As its next item of new business, the board will consider approving the award of $384,051.20 in federal emergency relief funding to the district to help schools and libraries support remote learning, per the agenda.
“This program will provide reimbursement to the District for student Chromebook and Teacher machine purchases made prior to current in the amount of $236,143.20 and will further reimburse a planned purchase of additional machines this year in the amount of $147,908.00 for additional machine purchases,” the agenda explains. “This is a welcome award totaling $384,051.20 towards student and teacher equipment purchases.”
The money would come from the Emergency Connectivity Fund, which was funded by the American Rescue Plan Act passed last March.
Two executive sessions are on the meeting agenda.
First, the board will conduct an executive session “regarding a student disciplinary matter in which the Board is acting as an adjudicatory body performing a quasi-judicial function,” per the agenda.
In addition to its policy role, per board bylaws, “the Board, convened, shall serve as a body of appeal for grievances, complaints and criticisms in accordance with Board policies and negotiated employee agreements.”
The board can enter private executive sessions to discuss sensitive information. In the case of the disciplinary matter, Johnson confirmed in a Monday phone call that discussion meets the criterion in board bylaws of “(tending) to prejudice the reputation and character of any person, provided the person may request a public discussion.”
An action is scheduled after the executive session, but Johnson did not confirm what the action would be.
“The action that the board will take is listening to the recommendation of the school district,” said Interim Superintendent Melissa Johnson. “I’m not going to give any details on (the district’s recommendation). The recommendation, from the school district’s standpoint, is confidential for a student.”
The board’s second scheduled executive session will allow it to have a discussion “regarding labor negotiations with the Technology Labor Staff Organization (TLSO).” An executive session is appropriate because “immediate knowledge” of the content of the discussion “would clearly have an adverse effect upon the finances of the school district,” per the agenda.
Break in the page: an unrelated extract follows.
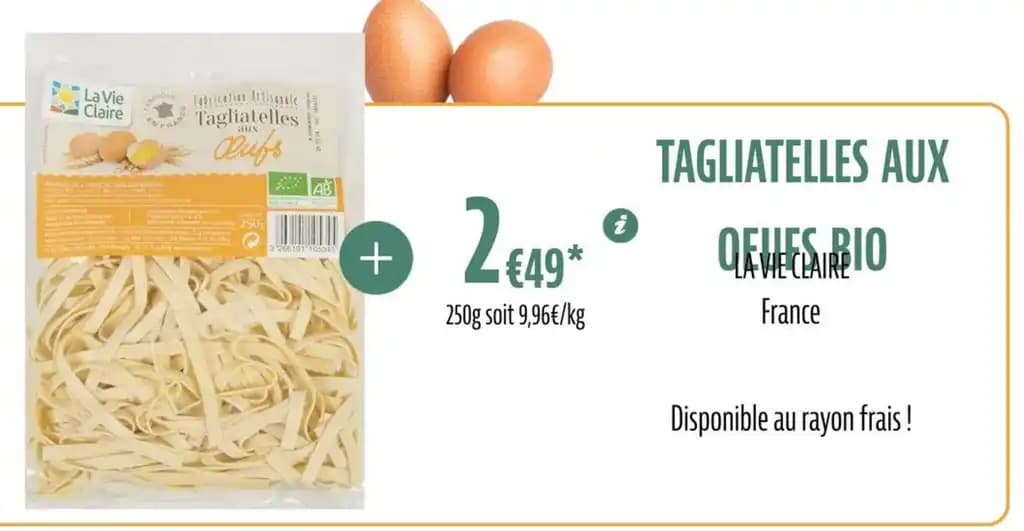 TAGLIATELLES AUX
One policy hearing is scheduled for the meeting, regarding a proposed change to the board’s nondiscrimination policy.
The board Policy Committee has recommended adding to that policy that district employees shall not “retaliate against” employees or job applicants; the current policy only states that they shall not “discriminate against” or “harass” employees or applicants. The revision also would add that “status as a survivor of domestic violence, sexual violence, or stalking” should not be a basis for discrimination in the district.
The board unanimously approved the nondiscrimination policy in first reading at its last meeting.
Wednesday’s meeting will begin at 6 p.m. in the Ketchikan Gateway Borough Assembly chambers at 1900 First Ave. There will be time for public comment near the start of the meeting.